Customer Support : No Opinion
The Original Kustome Company does not exist. The name was purchased by a company in Cincinatti, Ohio which produces a new and unrelated line of amps.

Overall Rating : 10
I have been playing since these came out they are solid dependable amps that reproduce what is put through them. and have always been highly desirable for what the were designed. If you wan a clean sound this is the way to go. I own 6 various models and I am still buying.


Product: Kustom K200B
Price Paid: N/A
Submitted 12/10/2004 at 09:21am by Bill Spiropoulos
Email: moogyboy<at>yahoo dot com

Features : No Opinion
UPDATE time.

I've been using the K200B-3 onstage for several months now with Floorian and have a better idea of this amp's capabilities. I don't remember if I mentioned it in my previous review, but I now run it through a battered black 4x12 cabinet. I have two separate chains going simultaneously: a keyboard chain consisting of my Yamaha YS200 and my Multimoog feeding intoa Roland Space Echo, and a guitar chain usually featuring either my Les paul or our guitarist Todd's Vox Phantom 12 string and my usual pedal string. The Kustom's design as an all-purpose amplifier includes what in other amps would be considered a major limitation: the two channels are independent and simultaneously available rather than switchable (the footswitch connection for the second channel does effectively compensate--it switches the Harmonic Clipper in and out to sub for a real overdrive channel). This means I can run both chains into the amp and have them both come out, and mix the levels without the need for an external mixer. Perfect!

Of course, this being a vintage amp made before a lot of the features we take for granted now were devised (so you can't really blame them), that makes sense. You also can't blame them for not including an effects loop since little digital wonder boxes were still sci-fi in 1968...but 36 years later it's a handicap, especially--and ironically--for a band specializing in effects-soaked psychedelic rock. When the song calls for it (there's only one) I have to patch our rack-mount Lexicon in-line...if your setup requires loads of outboard gear all the time, this Kustom definitely ain't for you...but then you're likely into overdrive cannels and sophisticated EQ and crap, ie a well-equipped modern guitarist, so it probably isn't anyway. I'm not going to rate this one because in a way it's like comparing a watermelon to apples and oranges.

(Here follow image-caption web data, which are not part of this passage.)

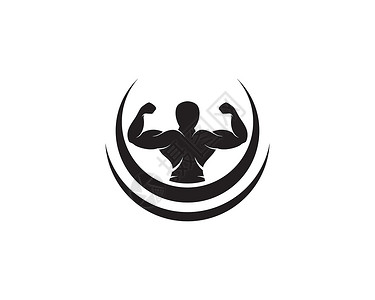 健美运动员健美日志男性举重男人冠军徽章身体手臂建设者二头肌插图插画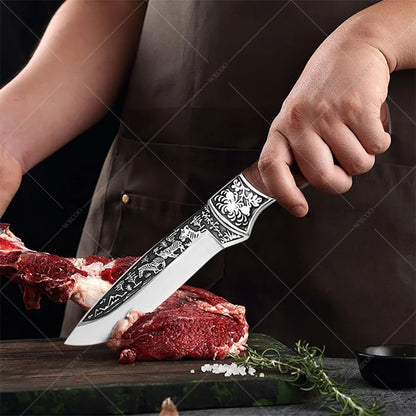 WXCOO Kitchen Forged Boning Knife Stainless Steel Chef Meat Fruit BBQ Knife Professional Butcher Cleaver Fish Knife with Cover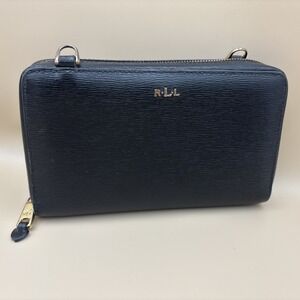 Lauren Ralph Lauren Tate Black Saffiano Leather Zip-Around Organizer Wallet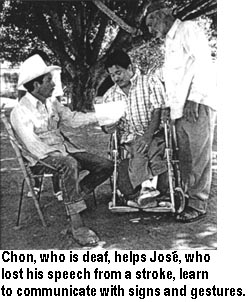 Chon, who is deaf, helps Joses, who lost his speech from a stroke, learn to communicate with signs and gestures.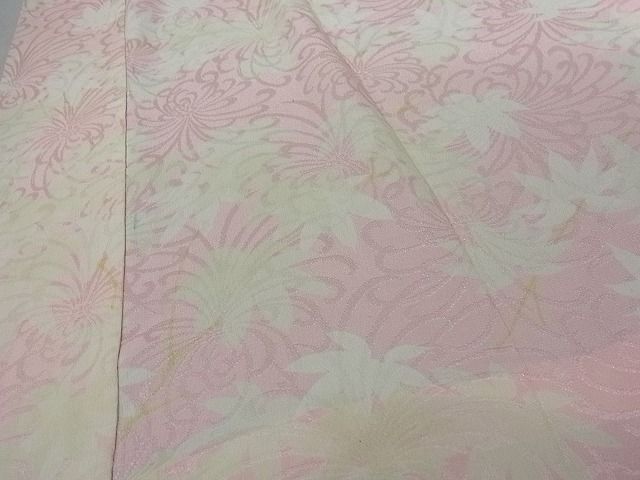 平和屋着物■長襦袢 無双仕立て 草花文 正絹 逸品 A-cs7257
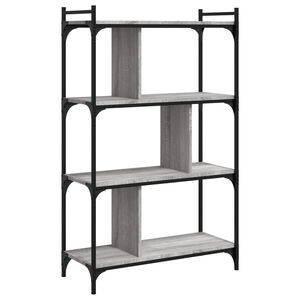 vidaXL Bokhylle 4 etasjer gr&aring; sonoma 76x32x123 cm konstruert tre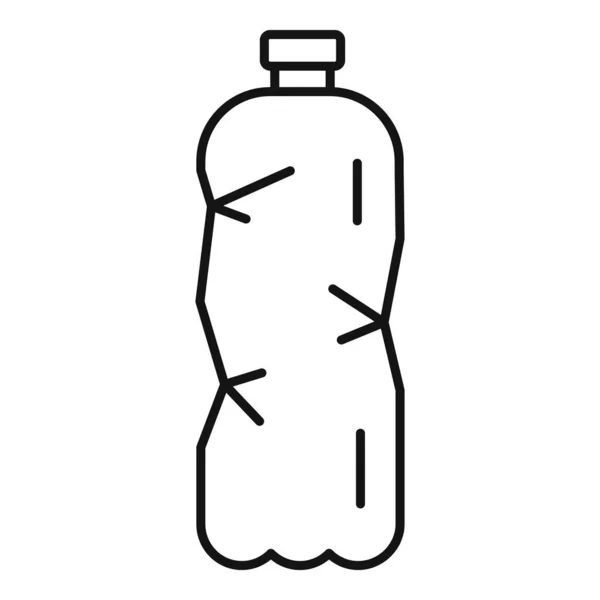 Plastic bottle icon, outline style — Stock Vector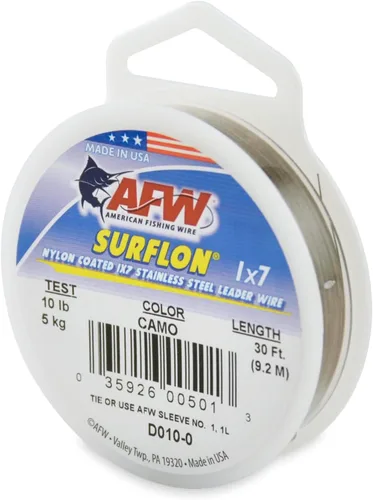 Miniatura 10 de Alambre de pesca americano Surflon recubierto de nailon 1x7 de acero inoxidable, línea líder de pesca para agua salada, prueba de 10 libras - prueba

Sound Quality : No Opinion
I'm going to say two things:

1) It's very loud and has a very nice balanced tone, a decent example of the "hi-fi" sound quality I look for in an amp.

2) It's quite transparent and doesn't add a lot of "tone" on its own...that is, "tone" as guitar players define it. The kind of guys who salivate over Fender Twins and Marshall Plexis for their classic (and possibly overhyped) "tone" are gonna be disappointed with this one. Of course, that Harmonic Clipper and Selective Boost thing has its own to offer, but like I said you can't really compare it to mainstream guitar amps.

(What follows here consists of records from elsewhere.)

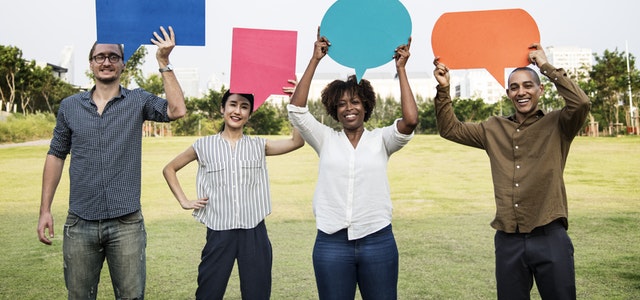 Diverse people with speech bubbles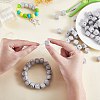 20Pcs Grey Cube Letter Silicone Beads 12x12x12mm Square Dice Alphabet Beads with 2mm Hole Spacer Loose Letter Beads for Bracelet Necklace Jewelry Making JX436N-5
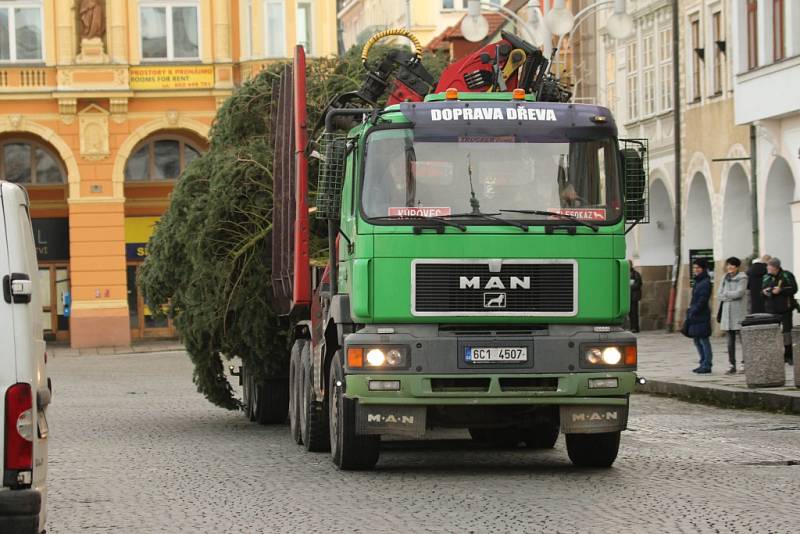 Na náměstí Přemysla Otakara II. přijela jedle douglaska.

All that said, it does very well for my purposes. Excellent stage amp if your primarily a stompbox kind of guitarist, and if you need basic, clear, and loud amplification.

Reliability : No Opinion
Seems solid so far. Just shows the effect of age, but doesn't appear to be ready to deep-six itself soon.

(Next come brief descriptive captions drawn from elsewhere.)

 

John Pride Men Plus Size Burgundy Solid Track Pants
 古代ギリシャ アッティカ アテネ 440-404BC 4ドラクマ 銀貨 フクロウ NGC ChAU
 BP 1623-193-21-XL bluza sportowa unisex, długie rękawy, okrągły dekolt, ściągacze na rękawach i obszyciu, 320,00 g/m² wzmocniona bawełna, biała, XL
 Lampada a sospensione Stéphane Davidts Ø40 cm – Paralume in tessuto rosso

Customer Support : No Opinion

Overall Rating : No Opinion
I've already rated it, and besides I've discovered that the K200B is really an oddball when you compare it to most other guitar amps so it would be pointless to try. As I've said, it does what it does quite well objectively speaking...but would a guitar player accustomed to certain things (reverb, switchable channels, built-in overdrive, effects loops) think he'd been conned if he scanned the numeric ratings rather than read my review and then found it didn't even meet the basic requirements for a Guitar Amp in the year 2004? Chances are he'd respond with one of those scathing 1-1-1-1-1-1 reviews:

"THIS THING SUCKS!!!! U CAN'T EVEN SWITCH BETWEEN CHANELS AND THEIRS NO OVERDRIVE U CANT EVEN PLAY DEATH METAL ON THIS SPARKLY UPHOLSTERED TURD!!!KUSTOM BLOWS CHUNK AND THE WAY THEY MISSSPEL THEIR LOGO IS DUMB TOO!!!!I BEEN PLAYING DEATH METAL GUITAR SEVEN MOS SO I KNOW!!!!!!!!I'M GONNA THROW THIS PIECE OF DONKEY CRAP (ITS MADE IN KANSAS WHAT DO PEOPLE IN KANSAS KNOW ABOUT ROCKNROLL?!) IN THE RIVER & BUY ME A CRATE!!!THOSE GUYS KICK ASS!!!!"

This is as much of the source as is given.